Ted Cruz, un 'perdente annunciato'?

Sono però in tanti a vedere Ted Cruz un "perdente annunciato" nello scontro per le presidenziali con il candidato democratico, specie se si dovesse trattare di Hillary Clinton. Inoltre, a conti fatti, il vincitore di queste lunghe primarie potrebbe giungere alla convention repubblicana che designerà il candidato presidente con una maggioranza relativa, ovvero senza raggiungere i 1.237 delegati necessari per la nomination.

Non bisogna inoltre dimenticare che i candidati repubblicani sono tre: c'è anche John Kasich che, pur non avendo più alcuna velleità di nomination, potrebbe sottrarre preziosi delegati ai due battistrada.

Tutto sbagliato, tutto da rifare?

E se tra i due litiganti ci fosse un terzo, quello che solitamente gode? Non stiamo ovviamente parlando di Kasich.

In realtà, la scelta di un terzo candidato invaliderebbe non poco il significato democratico delle elezioni primarie su cui poggia la politica americana. Ma l'impressione è che Reince Priebus, presidente del Comitato Nazionale Repubblicano, ed i suoi più stretti collaboratori ci stiano seriamente pensando. Fermo restando che i vertici del Grand Old Party tutto vogliono, tranne che Donald Trump diventi presidente, e non stimano più di tanto Ted Cruz, il messaggio all'elettorato suonerebbe però come un "l'è tutto sbagliato...

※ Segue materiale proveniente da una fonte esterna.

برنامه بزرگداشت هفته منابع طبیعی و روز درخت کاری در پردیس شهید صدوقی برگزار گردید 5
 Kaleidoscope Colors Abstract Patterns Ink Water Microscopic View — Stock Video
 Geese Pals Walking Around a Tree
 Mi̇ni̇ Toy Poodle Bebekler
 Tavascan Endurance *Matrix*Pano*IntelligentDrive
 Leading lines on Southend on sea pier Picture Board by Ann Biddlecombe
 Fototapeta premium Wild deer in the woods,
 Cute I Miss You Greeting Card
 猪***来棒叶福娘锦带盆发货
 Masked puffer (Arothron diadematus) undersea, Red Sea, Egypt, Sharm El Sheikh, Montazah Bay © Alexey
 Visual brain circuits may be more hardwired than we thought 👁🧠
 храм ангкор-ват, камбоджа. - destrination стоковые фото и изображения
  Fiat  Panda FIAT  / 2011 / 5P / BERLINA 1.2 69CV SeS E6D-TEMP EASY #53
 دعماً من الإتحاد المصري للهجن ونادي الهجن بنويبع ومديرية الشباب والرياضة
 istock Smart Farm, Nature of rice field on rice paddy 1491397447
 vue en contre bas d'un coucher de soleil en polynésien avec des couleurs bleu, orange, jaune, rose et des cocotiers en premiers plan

l'è tutto da rifare" di "bartaliana" memoria. Il rischio più grosso è quello di perdere consensi da parte di elettori chiamati ad esprimere fiducia nei confronti di candidati che, paradossalmente, non hanno la fiducia del partito. Tanti, alla fine, gli errori di valutazione del GOP: non ci si attendeva il successo di Donald Trump, non ci si attendeva Ted Cruz come unica alternativa e, sicuramente, non ci si attendeva nemmeno il clamoroso flop di Jeb Bush, candidato certamente più gradito ai leader repubblicani, figlio e fratello di due ex presidenti degli Stati Uniti. Ma gli elettori lo hanno espresso chiaramente: tutto vogliono tranne che un terzo Bush alla Casa Bianca.

Possibile la candidatura di Paul Ryan?

Donald Trump ha bisogno di poco meno di 500 delegati per raggiungere quota 1.237 ed avere in tasca la nomination. Se non li ottiene, riteniamo difficile che possa uscire vincitore dalla convention repubblicana del prossimo mese di luglio. Ted Cruz punta a recuperare più terreno possibile ma, come abbiamo già detto, non è così scontato che ottenga la nomination. La soluzione del Partito Repubblicano potrebbe chiamarsi Paul Ryan, attuale speaker della Camera dei rappresentanti degli Stati Uniti. Nei mesi scorsi l'ipotesi di una terza via era stata già accarezzata dal GOP, si era parlato di Mitt Romney, già candidato alla presidenza nel 2012 poi sconfitto da Barack Obama.

Paul Ryan, alle ultime elezioni presidenziali, era stato designato in qualità di vice presidente di Romney: ora, con quattro anni di esperienza politica in più, potrebbe essere maturo per la nomination. Giovane (46 anni), conservatore neoliberista, potrebbe raccogliere consensi sia dall'ala più estremista che da quella moderata del partito, con buona pace di Trump e Cruz.